21 Ekim 2015 Çarşamba

BİZE UMUT, ONLARA YÜK


Hamalız biz... 

Böyle ağır bir ülkeyi sırtımızda taşıdığımız için hamalız...

Taşıması imkansız gibi görünen bir ülkeyi taşıdığımız için hamalın dibiyiz! 

Hadi biz alıştık...Kırk yıldır, elli yıldır, altmış yıldır taşıyan bizler alıştık...Yükle bütünleştik.

Ama bu yük, 16 yaş omuzları için çok ağır  bir yük.
Yaşı farketmez, hayatın başındaki tüm gençler için büyük yük. 

16 yaşındaki bir kız çocuğunun dün  Zeynep Oral’a sorduğu “Ülkemin durumu için ben ne yapabilirim?’’ sorusu çok ağır...

Sabah öğrendim bunu, ben dün gece o ana kadar kalmamıştım... Sabah Birol'dan gelen mailden öğrendim.

Sadece soru bu kadar ağırken, yanında gelen gözyaşları içinde 16’lık  kız çocuklarının fotoğrafları daha da ağır geldi, beni buldozer gibi ezdi geçti.

Birol’un maili şöyle devam ediyor:
“Bu soruya verilecek hiç bir cevabın soru kadar etki bırakacağını ve umut yaratacağını düşünmüyorum.”

Evet Birol... Haklısın.  Bize umut bu cümle. Onlar için aradığımız umut bu cümlede.

Bize umut. Onlara yük...

Biz umudumuzla eziyoruz onları. Ve kıyamıyorum hiç birine.
Canını yitirene kıyamadığım kadar kıyamıyorum...

Ha yitmiş canlar, ha yitmiş hayaller...Bambaşka şeyler olmalı kafalarında onların bu yaşlarda. Bu sözler memleketinden çıkıp buralara daha farklı bir hayat  dileğiyle getirdiğimiz kızlardan birinin kalbinden çıkıyor, daha memlekettekilerin soruları var, karşısında utandığım...

İsyanlardayım...
Tek umudumuz gençler , biliyorum, ama bana ağır geliyor yine de. 

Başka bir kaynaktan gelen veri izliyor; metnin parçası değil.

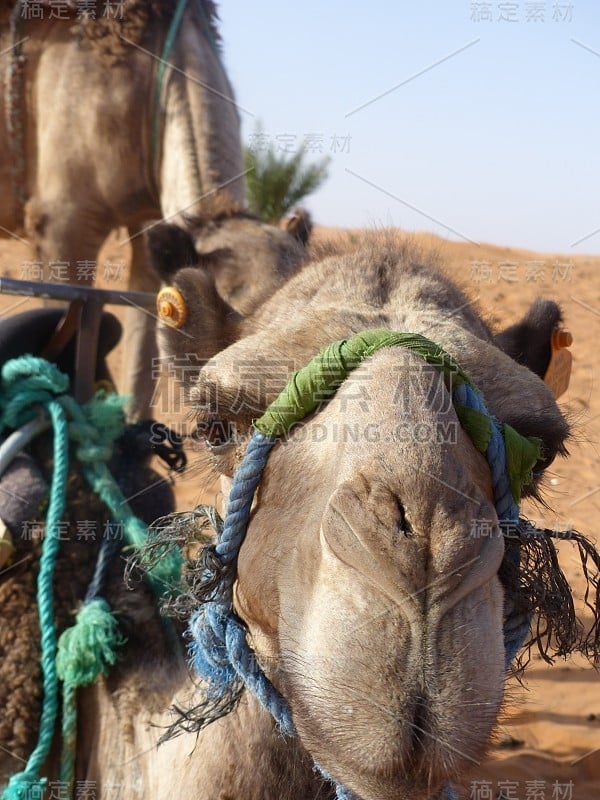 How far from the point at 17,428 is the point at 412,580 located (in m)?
2.08

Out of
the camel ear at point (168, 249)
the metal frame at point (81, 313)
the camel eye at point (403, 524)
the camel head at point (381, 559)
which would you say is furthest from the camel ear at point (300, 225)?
the camel eye at point (403, 524)

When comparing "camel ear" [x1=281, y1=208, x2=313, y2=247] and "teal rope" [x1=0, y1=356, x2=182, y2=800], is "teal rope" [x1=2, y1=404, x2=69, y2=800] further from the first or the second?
"camel ear" [x1=281, y1=208, x2=313, y2=247]

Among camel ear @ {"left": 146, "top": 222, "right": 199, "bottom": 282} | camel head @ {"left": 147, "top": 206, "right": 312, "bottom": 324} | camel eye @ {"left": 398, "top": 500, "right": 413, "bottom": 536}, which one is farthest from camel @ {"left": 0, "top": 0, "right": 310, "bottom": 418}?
camel eye @ {"left": 398, "top": 500, "right": 413, "bottom": 536}

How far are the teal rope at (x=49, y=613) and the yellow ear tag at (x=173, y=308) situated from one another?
0.71 m

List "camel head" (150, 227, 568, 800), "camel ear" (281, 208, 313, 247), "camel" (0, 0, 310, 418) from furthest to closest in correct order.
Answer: "camel" (0, 0, 310, 418), "camel ear" (281, 208, 313, 247), "camel head" (150, 227, 568, 800)

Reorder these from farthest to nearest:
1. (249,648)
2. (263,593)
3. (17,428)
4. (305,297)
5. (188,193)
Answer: (188,193)
(17,428)
(305,297)
(249,648)
(263,593)

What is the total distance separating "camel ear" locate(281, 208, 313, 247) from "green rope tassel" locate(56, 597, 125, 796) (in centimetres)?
281

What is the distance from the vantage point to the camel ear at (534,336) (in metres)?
2.76

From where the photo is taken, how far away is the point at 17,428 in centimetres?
315

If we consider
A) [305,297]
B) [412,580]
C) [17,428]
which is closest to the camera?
[412,580]

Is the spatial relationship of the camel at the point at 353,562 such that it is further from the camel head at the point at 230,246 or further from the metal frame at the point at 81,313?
the camel head at the point at 230,246

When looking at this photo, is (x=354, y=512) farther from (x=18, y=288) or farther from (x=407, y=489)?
(x=18, y=288)

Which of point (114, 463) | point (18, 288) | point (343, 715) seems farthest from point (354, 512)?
point (18, 288)

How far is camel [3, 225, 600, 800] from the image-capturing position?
150 cm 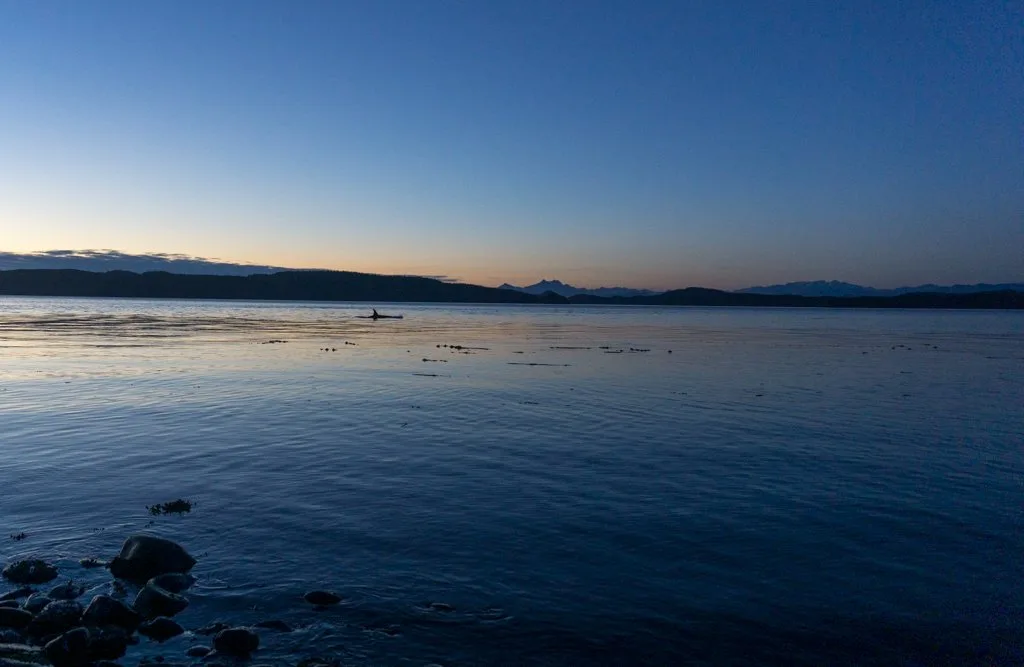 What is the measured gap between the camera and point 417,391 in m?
37.4

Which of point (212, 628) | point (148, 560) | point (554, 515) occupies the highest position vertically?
point (148, 560)

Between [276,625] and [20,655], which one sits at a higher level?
[20,655]

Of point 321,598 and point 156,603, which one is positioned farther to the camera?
point 321,598

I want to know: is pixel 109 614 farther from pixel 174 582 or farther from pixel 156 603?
pixel 174 582

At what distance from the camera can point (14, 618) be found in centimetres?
1033

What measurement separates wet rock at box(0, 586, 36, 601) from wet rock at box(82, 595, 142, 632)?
4.89 ft

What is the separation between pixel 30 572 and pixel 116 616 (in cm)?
269

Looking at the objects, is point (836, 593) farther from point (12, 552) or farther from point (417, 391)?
point (417, 391)

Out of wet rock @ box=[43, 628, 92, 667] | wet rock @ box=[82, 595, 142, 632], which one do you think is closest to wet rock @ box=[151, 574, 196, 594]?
wet rock @ box=[82, 595, 142, 632]

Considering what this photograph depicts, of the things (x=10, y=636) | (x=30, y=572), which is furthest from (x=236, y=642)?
(x=30, y=572)

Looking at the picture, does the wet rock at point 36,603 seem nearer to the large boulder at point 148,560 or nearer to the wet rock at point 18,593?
the wet rock at point 18,593

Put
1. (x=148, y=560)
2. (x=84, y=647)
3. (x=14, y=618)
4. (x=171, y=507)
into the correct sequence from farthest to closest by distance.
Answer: (x=171, y=507), (x=148, y=560), (x=14, y=618), (x=84, y=647)

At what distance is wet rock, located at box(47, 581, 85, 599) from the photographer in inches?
436

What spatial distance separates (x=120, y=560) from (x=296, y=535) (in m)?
3.32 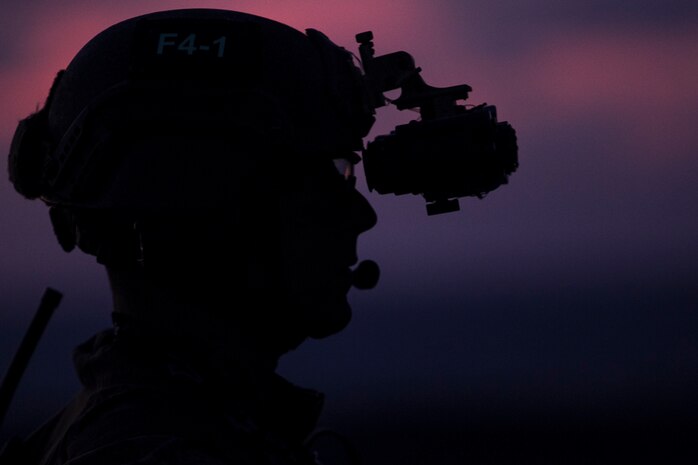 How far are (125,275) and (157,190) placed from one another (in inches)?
11.3

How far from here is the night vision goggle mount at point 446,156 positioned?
9.66 feet

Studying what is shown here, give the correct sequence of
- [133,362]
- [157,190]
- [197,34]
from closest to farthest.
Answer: [133,362], [157,190], [197,34]

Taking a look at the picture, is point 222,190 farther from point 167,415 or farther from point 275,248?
point 167,415

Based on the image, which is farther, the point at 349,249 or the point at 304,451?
the point at 349,249

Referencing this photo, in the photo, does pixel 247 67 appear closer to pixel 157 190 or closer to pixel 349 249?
pixel 157 190

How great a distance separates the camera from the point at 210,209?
274 centimetres

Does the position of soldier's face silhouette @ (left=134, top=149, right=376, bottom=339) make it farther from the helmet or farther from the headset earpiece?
the headset earpiece

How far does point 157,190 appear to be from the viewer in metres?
2.74

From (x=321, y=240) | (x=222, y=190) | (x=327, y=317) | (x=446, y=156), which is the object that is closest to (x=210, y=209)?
(x=222, y=190)

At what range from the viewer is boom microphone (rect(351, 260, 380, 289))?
10.4 ft

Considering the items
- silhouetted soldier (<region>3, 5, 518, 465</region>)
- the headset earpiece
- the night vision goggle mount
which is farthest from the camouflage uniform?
the night vision goggle mount

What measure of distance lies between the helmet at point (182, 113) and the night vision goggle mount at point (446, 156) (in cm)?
16

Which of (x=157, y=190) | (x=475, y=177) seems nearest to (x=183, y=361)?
(x=157, y=190)

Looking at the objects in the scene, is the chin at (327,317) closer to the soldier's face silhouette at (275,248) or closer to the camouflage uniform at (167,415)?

Onlara taşıtmamalıyız bu yükü, sadece onu biliyorum...

Sadece bağırıp duran, etrafa nefret, öfke, ikilik saçan  herkese sesleniyorum. Azıcık susun ve  almaya gayret edin bu yükü yavruların üstünden...

Biz  gönüllü hamaldık senelerce,” Bu yükten nasıl kurtuluruz”u bir bulamadık....Aramadık bile bir çare, hep dırdırlandık. 

Buyrun netice... Biz elbirliğiyle o yükü büyüttük, kendi payımızı görmeye çalışmanın zamanı geldi de geçiyor. Bunu görmezden gelip, hâlâ sadece üç beş ciğeri beş para etmeze (ki bu sıfatlar az bile onlara)  ihâle etmeye devam edersek konuyu, hâlâ onlardan nefret etmekle zaman öldürürsek, hala dönüp bakmazsak kendimize az biraz, hâlâ hep gücümüzün yettiğini aşağılamaya,  suçlamaya devam edersek büyük bir günahı işlemeye devam ediyor olacağız.

Umudum isyana karıştı bugün.

Ne olur, bu inciden de değerli  gözyaşlarının hatırına...

Küçücük bir uç bulup, ondan tutmaya bakalım... 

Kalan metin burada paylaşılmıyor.